In our study, prucalopride (1 mg) resulted in significant improvements in the average weekly number of bowel movements (spontaneous complete, spontaneous and all), stool consistency, the need to strain at defecation and the urge to defecate compared with placebo. Significant changes were not seen with prucalopride (2 mg), but this may have been influenced by the relatively high frequency of bowel movements in this group of patients during placebo treatment.

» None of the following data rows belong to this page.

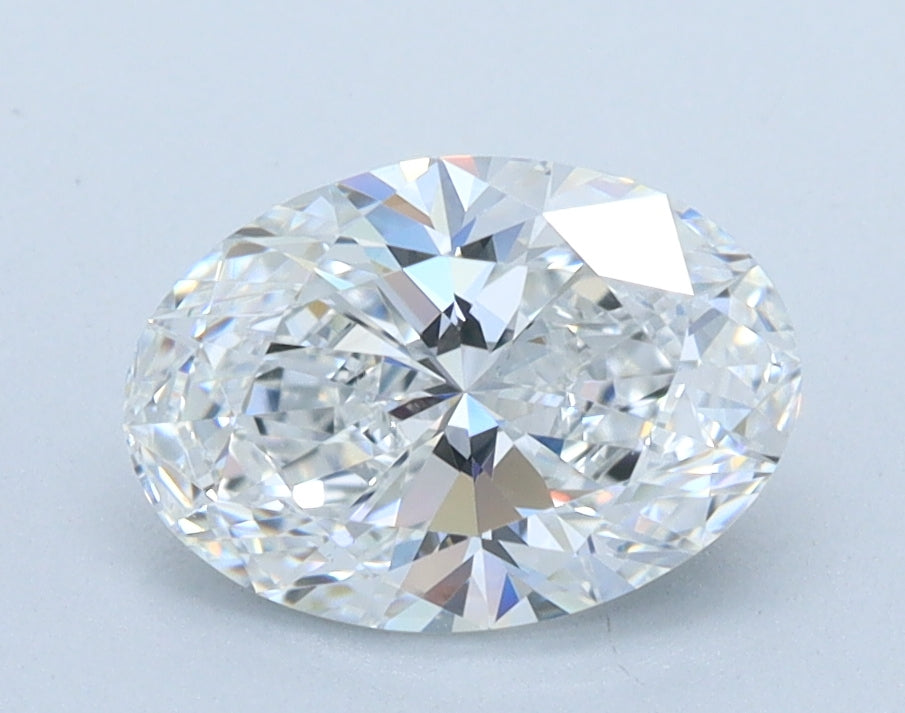 1.14 Carat E-VS2 Oval Lab Diamond
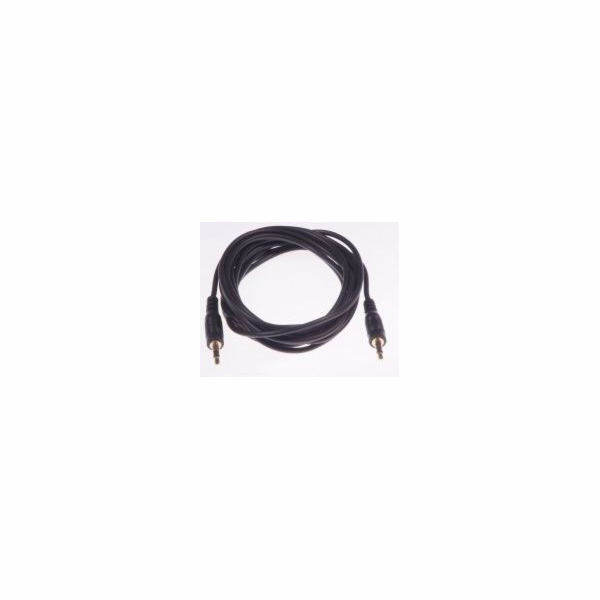 Libox Jack 3,5 mm - Jack 3,5 mm kabel 1,5 m černý (LB0025)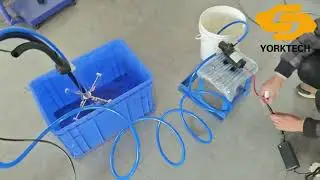 YORK oil & grease cleaning machine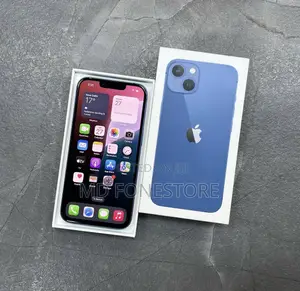 New Apple iPhone 13 128 GB Blue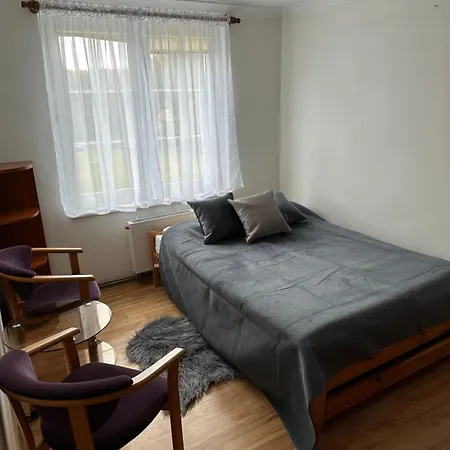 Blekitna Fala Stolpmünde Exterior foto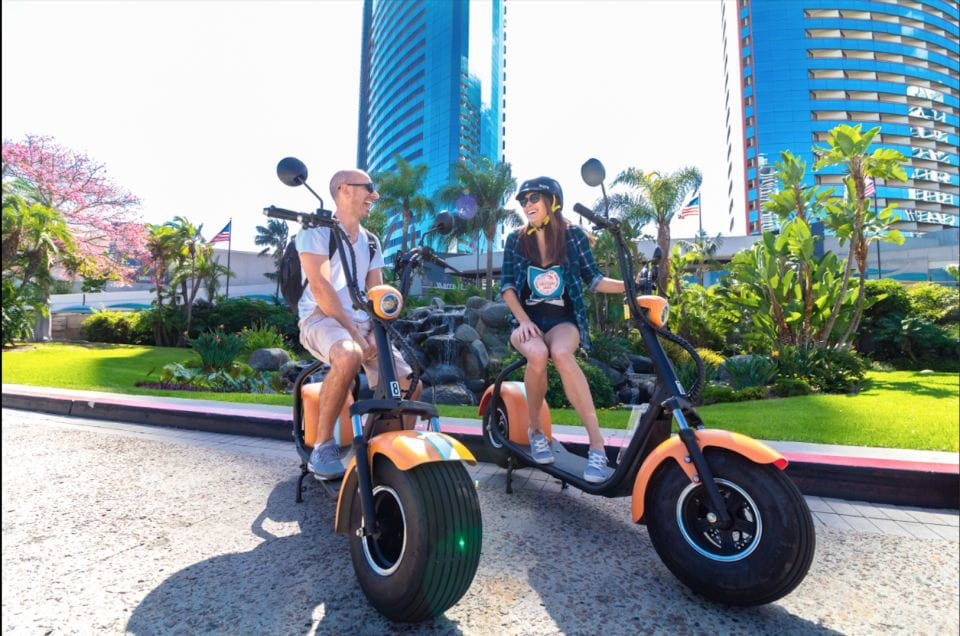 Coronado: GPS-Guided Scooter Tour & Round-Trip Ferry - Experience Details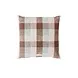 Oyoy Kyoto Checker kussen bruin 50x50cm Oyoy Kyoto Checker kussen bruin 50x50cm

Anorectal function (anal sphincter pressure, anorectal sensitivity and rectal compliance) was unaffected by prucalopride in the present study. Similar results have been found in studies in healthy volunteers.10, 11 However, another study in patients with chronic constipation showed that 4 weeks of prucalopride (1 mg) significantly enhanced several parameters (both of distension and electrical stimulation) of rectal visceral sensitivity compared with placebo.32
Prucalopride was generally well tolerated in our study. The majority of adverse events were mild to moderate in severity, and there were no clinically relevant changes in blood biochemistry, urinalysis, blood pressure, heart rate or electrocardiogram. The most common adverse event with prucalopride was transient headache, which was reported by 29% of the prucalopride patients compared with 17% receiving placebo. Other adverse events experienced by prucalopride patients were mainly gastrointestinal in nature (abdominal cramps, diarrhoea, nausea and flatulence) and reflected the colonic effects expected from a drug with enterokinetic properties.10, 11 The adverse event profile with prucalopride in our study was similar to that observed in previous studies in healthy volunteers9, 10, 33, 34 and in patients with chronic constipation.29–31
In conclusion, once-daily administration of prucalopride was safe and effective for the treatment of patients with chronic functional constipation. Prucalopride (1 mg) significantly improved stool frequency and consistency and reduced the need to strain at defecation. The results suggest that it may also decrease MCTT in these patients. Although improvements with prucalopride (2 mg) were not always statistically significant compared with placebo, this probably reflects the refractory nature of the long-standing constipation in this patient population. Because treatment with prucalopride was also generally well tolerated, it therefore has potential in the management of chronic constipation.